This is not the only conclusion that the teacher can draw. Learning is not something that a teacher does…It is something the student does.
If the teacher, in spite of his best efforts and in spite of providing, sees the class sleeping, looking out the window, or in other ways simply ignoring him…has little choice but to allow the students to learn from the consequences of their actions.
If we do not learn or change or grow during the next n years, then how is that “life” or “consciousness”? That would just be some kind of waking vegetative state.
- Since vegetables have life, grow and change, I don’t see the validity of the comparison.
- I am not aware of any teaching that says we do not change or grow in the next life. If you are aware of any…could you point it out?
Label whatever words on it you want, I defy you to actually conceive of what that would mean. It would merely seem like one instant, if there were no change by which to perceive the passage of time.

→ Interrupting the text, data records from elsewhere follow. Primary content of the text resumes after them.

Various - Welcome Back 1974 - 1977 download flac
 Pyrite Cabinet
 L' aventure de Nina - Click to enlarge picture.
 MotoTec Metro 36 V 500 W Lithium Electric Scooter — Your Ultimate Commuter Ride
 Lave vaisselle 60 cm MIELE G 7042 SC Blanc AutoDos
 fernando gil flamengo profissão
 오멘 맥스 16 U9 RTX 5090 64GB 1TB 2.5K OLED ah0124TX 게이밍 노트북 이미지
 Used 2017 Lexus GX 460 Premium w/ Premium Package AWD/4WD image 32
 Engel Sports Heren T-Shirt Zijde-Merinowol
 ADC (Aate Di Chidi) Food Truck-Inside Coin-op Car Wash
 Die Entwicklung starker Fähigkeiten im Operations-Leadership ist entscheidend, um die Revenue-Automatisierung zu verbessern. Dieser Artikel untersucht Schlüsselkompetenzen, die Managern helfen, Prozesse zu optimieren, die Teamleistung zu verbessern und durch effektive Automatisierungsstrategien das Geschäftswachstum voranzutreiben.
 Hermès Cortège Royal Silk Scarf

Just as a thought…If you sit in a movie theater watching a movie…have you changed over that time? You’ve sat still and watched. Like a “waking vegetative state”. Are you aware of the passage of time?
We are told that those in heaven are aware of those on earth. This would give them the ability to perceive the passage of time while they remain the same.
Just a thought.
If we do learn or change or grow during the next 10,000 or 100, 000 or 1,000, 000 years, then we would no longer be the person we were back when we were 70, so that seems thoroughly analogous to being judged by one morning when we were in 3rd grade.
I disagree.
There are greater changes involved in our translation from this life to the next.
If a parent chose to put their child into a coma (with happy dreams or nightmares forever afterward) at the end of 4th grade, in what way could we possibly conceive of that as “good” or “compassionate”?
We cannot conceive of this being a good thing…Which is why God does not work like this.
First of all - We choose our destination, not God. We do so by our choices in this life. Like the students in the class room, God gives us the information - what we do with it is up to us.
Second - the idea of a “coma” doesn’t work because, good or bad, we are separated from the parent. This is not how God works.
At death, we reach out to that which we have embraced and fostered in life. If we have embraced the vices…pride, selfishness, hate being principle among these, then that is what we will reach out to in death. We will embrace these and fall into the abyss of our our own choosing.
If we have embraced the virtues…love, charity, humility being chief among these, then we will reach out to love in death - and since God is Love, we will be reaching for God.
If we have embraced these virtues imperfectly, then we will reach out to mercy in death…and God will show mercy.
In each case, the person receives that which they have embraced in life.
I suggest that the analogy of the 3rd grader simply does not work where the analogy of the classroom works somewhat better.